Diary of an unsuspecting developer

For the last semester of my studies I have been thinking about getting some part time job. My previous and current assignments as toilet-paper replacement technician and garbage scavenger were mostly ok or even good, but I felt the time came to try something different, more demanding and respected. But my brother returned me back to reality with a statement that even for him (body builder) it is amazingly difficult to work as a shelf stacker. Tough luck.

Some time later, my friend and schoolmate sent me an email that one company is looking for somebody that would help them with one of their ARM projects. The guy they are looking for should “know how to write, compile… and run a simple program under linux”. Nice. ARM is cool, I like Raspberry and N900 and I even wrote a program for it… once. But it is no Hello world. So, why not give it a try, right?
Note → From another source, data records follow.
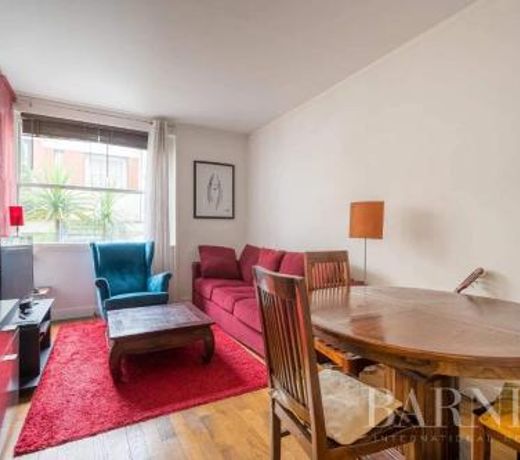 Neuilly-Sur-Seine f2 en rez de chaussée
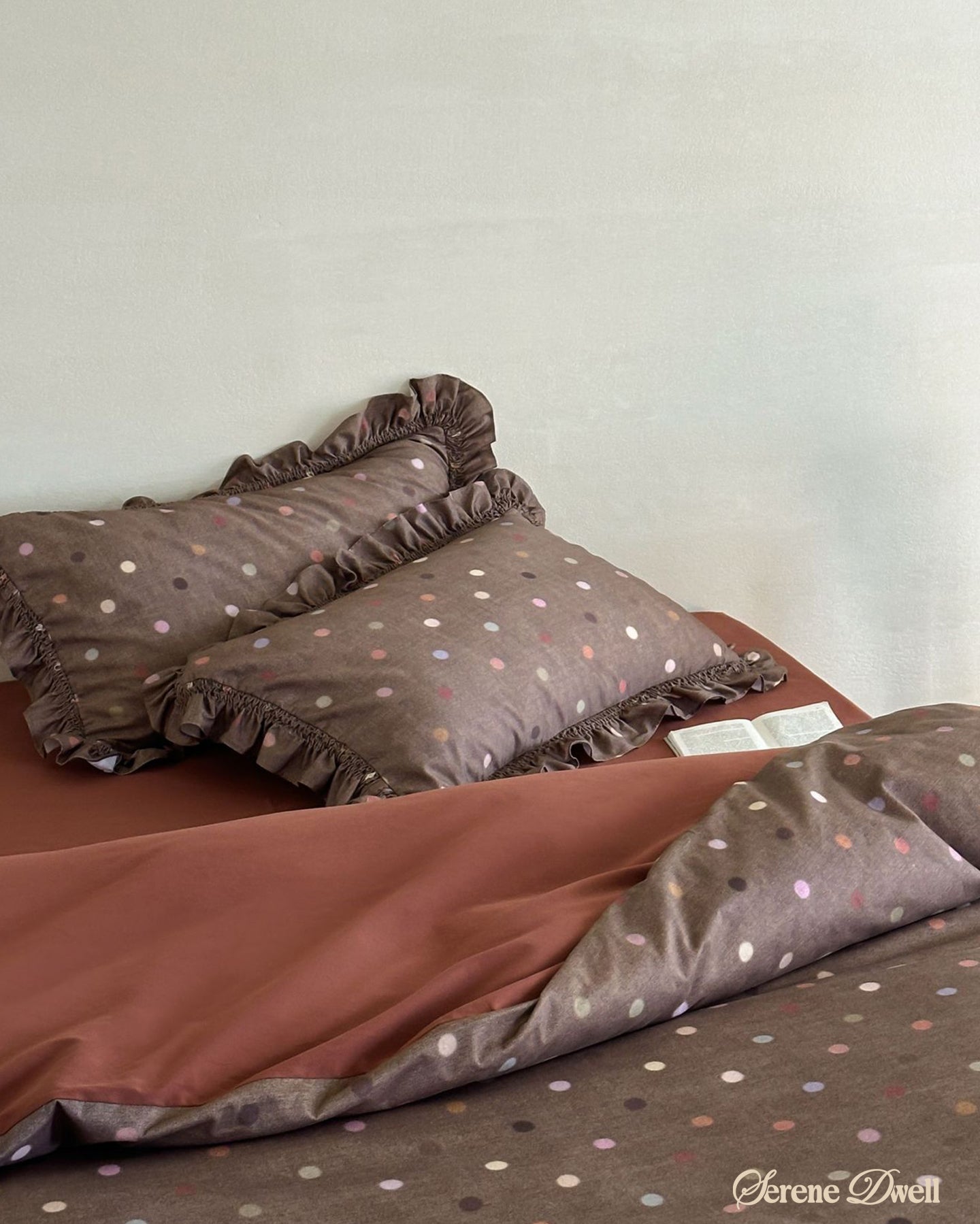 Aria Polka Dot Ruffle Bedding Set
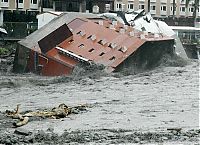 Trek.Today search results: 6-storey hotel collapsed due typhoon, Taiwan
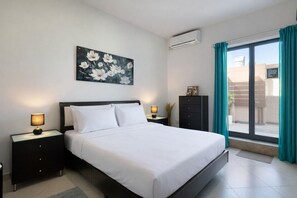 Iron/ironing board, free WiFi, bed sheets - Charming 2 bedroom penthouse, sun terrace AAZZ1-1 (Luqa)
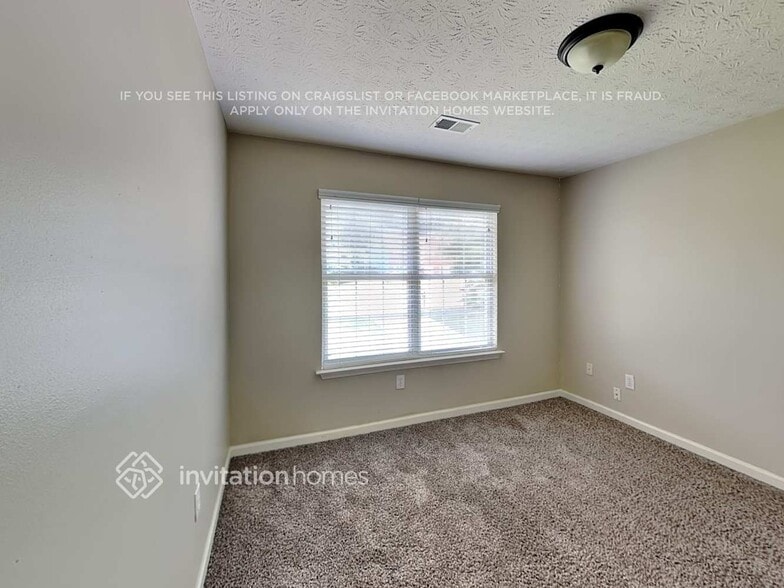 Building Photo - 320 Birchmere Close SW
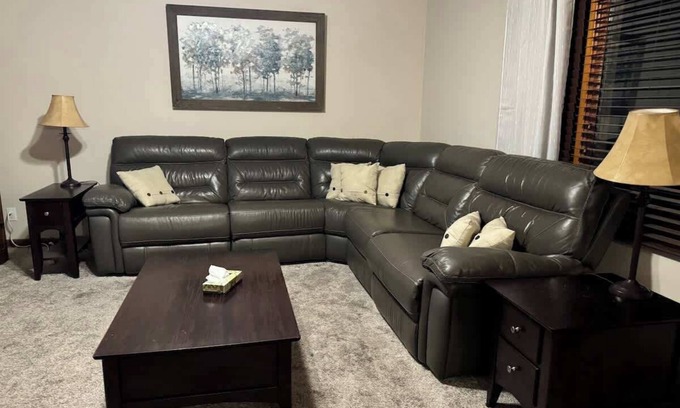 Lincoln House | Luxurious 6BR Home in Lincoln w/ Ping Pong & BBQ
After a brief exchange of emails with the director himself I arrived at the workplace to take a look. The director is a nice guy, he started to tell me how he appreciates that I want to work there, what are the options if they like me… not bad. But a bit premature. After this promising introduction he showed me the engineer who runs the project I should start working on. So, that “simple program” I should be compiling is actually a custom Linux kernel. And they need a kernel specialist to fix some issues they are having and don’t want to pay 80€/hour for a hired programmer. Ouch.

My knees started to shake a bit so I sat down to take a look at that makeshift piece of hardware they want to run this thing on (and crashed it by some wrong command minutes later). Yeah. But they didn’t find out that I know close to nothing about this subject and the director was super nice to me, so I agreed to come back the second day.

On the next day I came to the lab and got a table and a laptop with Ubuntu to work on. My first assignment is to fix issues with make. After some time I actually managed to complete this, it was just some issue with 32bit binary on 64bit OS. Then some issues with patching came, but that was due to the mess they have in development files and Subversion.. so it was decided to start the project with new kernel and new developer (eg. me, now nicknamed “Guru”). At lunchtime, the boss even came to the lab and gave me his own lunch! Damn. But then the problem with installing development environment came. The installer wrote all green, everything cool, but nothing installed. After hours of checking libraries, permissions, forementioned scripts and everything I could think of, it was just incorrectly designed destination folder prompt. Great. But I got it fixed too!

So, after the fist day I managed to fix two minor issues, get a lunch and start recompiling the kernel! At least I think it was kernel.. should find it out later, definitely. And they still don’t know I have no idea about kernels. Wonder how long until they find out.. Hopefully not so soon, the lab is really cool. Wish me luck.